From Research to Pull Requests: Automating Triage and Implementation with AI
Applied Intermediate 18 min read

From Research to Pull Requests: Automating Triage and Implementation with AI

Turn raw research into scored triage cards and draft PRs with a three-stage pipeline that runs on cron.

By J. Martin · · ai ml
Table of Contents

This is Part 2 of a three-part series on building an AI-powered development workflow. Part 1 covers the research engine that feeds this pipeline. Part 3 will cover the browser dashboard that surfaces everything visually.

Why Should You Care?

Research is only as valuable as the action it produces. If you followed Part 1, you have a system that scans your projects for knowledge gaps, queues deep research, and saves structured reports to disk. But a folder full of Markdown files is not a backlog. Nobody triages a research archive with 500+ files by hand. The research just sits there, aging.
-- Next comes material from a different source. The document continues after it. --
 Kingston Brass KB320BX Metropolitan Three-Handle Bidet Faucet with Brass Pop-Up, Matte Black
This post covers the second and third stages of the pipeline: a triage system that reads each research report, extracts scored action items aligned to your project roadmaps, and an implementation engine that picks the top-scoring item, creates a feature branch, invokes Claude Code headlessly, and opens a draft PR. The whole thing runs three times a day via cron, unattended.


The Three-Stage Sweep

The entry point is a single bash script on a cron schedule:

# crontab -e
0 5,12,18 * * * ~/research/research-sweep.sh

Three times daily at 5 AM, noon, and 6 PM, the sweep runs three stages in sequence:

#!/bin/bash
set -euo pipefail

# Cron doesn't source .bashrc — load API keys manually
if [ -f "$HOME/.env-keys" ]; then
  set -a
  source "$HOME/.env-keys"
  set +a
fi

LOG="/tmp/research-sweep.log"
echo "Research sweep started: $(date '+%Y-%m-%d %H:%M:%S')" >> "$LOG"
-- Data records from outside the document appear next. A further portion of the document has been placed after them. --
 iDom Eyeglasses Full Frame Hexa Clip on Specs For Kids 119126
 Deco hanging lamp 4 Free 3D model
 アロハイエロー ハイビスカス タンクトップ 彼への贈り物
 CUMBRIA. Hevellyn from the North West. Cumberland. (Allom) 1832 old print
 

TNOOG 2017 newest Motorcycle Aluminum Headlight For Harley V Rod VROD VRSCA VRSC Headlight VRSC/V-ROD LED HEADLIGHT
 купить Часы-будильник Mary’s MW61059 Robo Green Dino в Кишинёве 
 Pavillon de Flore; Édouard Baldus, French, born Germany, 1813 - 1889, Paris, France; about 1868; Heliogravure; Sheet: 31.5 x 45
# Stage 1: Scan projects for knowledge gaps, queue + run research
node ~/research/research-engine.mjs auto --queue --run >> "$LOG" 2>&1
EXIT_CODE=$?

if [ $EXIT_CODE -eq 0 ]; then
  # Rebuild full-text search index after new research lands
  node ~/research/search-research.mjs --rebuild >> "$LOG" 2>&1

  # Stage 2: Triage new research against project DEV_OUTLINEs
  node ~/research/research-triage.mjs --pending >> "$LOG" 2>&1 || true

  # Stage 3: Autonomous implementation (opt-in)
  if [ "${RESEARCH_AUTO_IMPLEMENT:-0}" = "1" ]; then
    node ~/research/research-implement.mjs \
      --next --budget "${RESEARCH_IMPLEMENT_BUDGET:-1.50}" >> "$LOG" 2>&1 || true
  fi
fi

Stage 1 is the research engine from Part 1 — it scans projects for knowledge gaps and runs deep research. Stages 2 and 3 are the focus of this post. Notice that Stage 3 is gated behind RESEARCH_AUTO_IMPLEMENT=1. When you are first building this, you want to review triage output manually before letting an AI write code from it. Trust is earned incrementally.


Stage 2: Research Triage

The Problem

You already know this feeling: a research report on “scaling a Preact SPA with Express 5 and SQLite” lands at 8,000 words. Some of that is background theory. Some is relevant to your project. Some is scope creep disguised as a good idea. Without a filter, every finding feels equally urgent. You need a system that reads the research, compares it against your project’s roadmap, and extracts only the items that advance your current milestone.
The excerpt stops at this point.